TASK GOAL: All pictures are to be omitted while the lines starting at the line with "Modeling polygel Poly" and ending at the line with "Система домашнего кинотеатра" in the material below are retyped exactly, both ends included.

RECORDS TO USE:
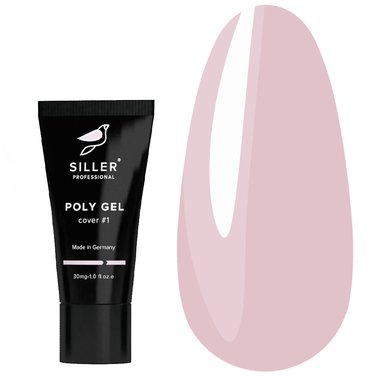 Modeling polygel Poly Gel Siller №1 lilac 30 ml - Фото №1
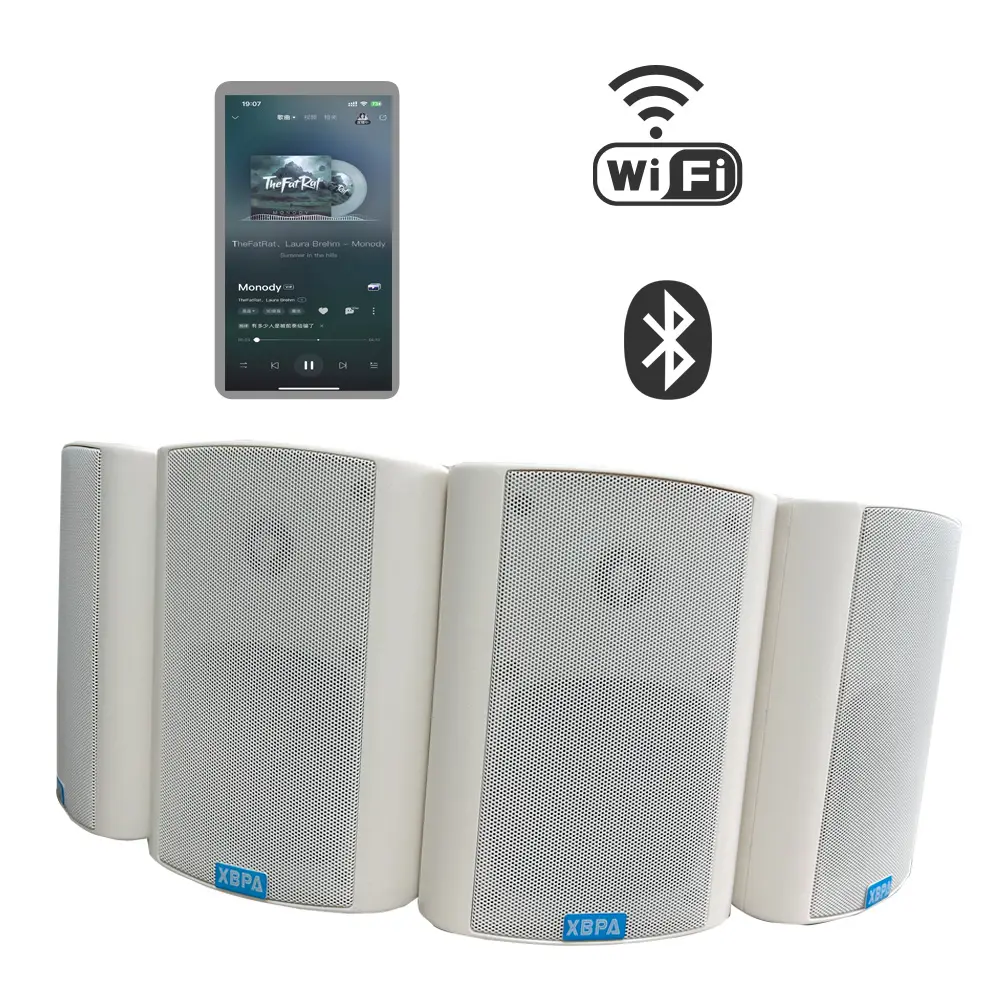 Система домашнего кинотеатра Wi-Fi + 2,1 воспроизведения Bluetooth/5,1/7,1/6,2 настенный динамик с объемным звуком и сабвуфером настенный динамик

--

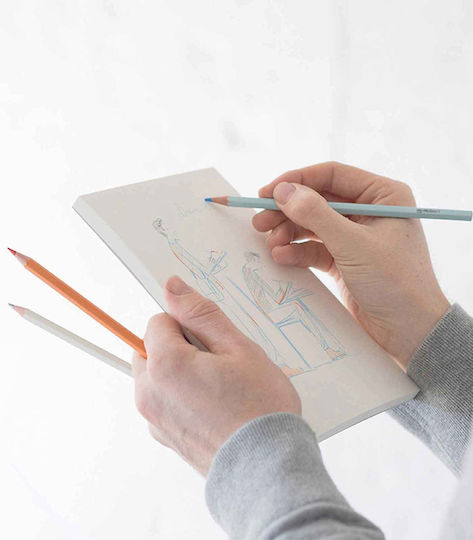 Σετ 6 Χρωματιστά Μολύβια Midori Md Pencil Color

OUTPUT FOR THIS EXERCISE:
 Modeling polygel Poly Gel Siller №1 lilac 30 ml - Фото №1
 Система домашнего кинотеатра Wi-Fi + 2,1 воспроизведения Bluetooth/5,1/7,1/6,2 настенный динамик с объемным звуком и сабвуфером настенный динамик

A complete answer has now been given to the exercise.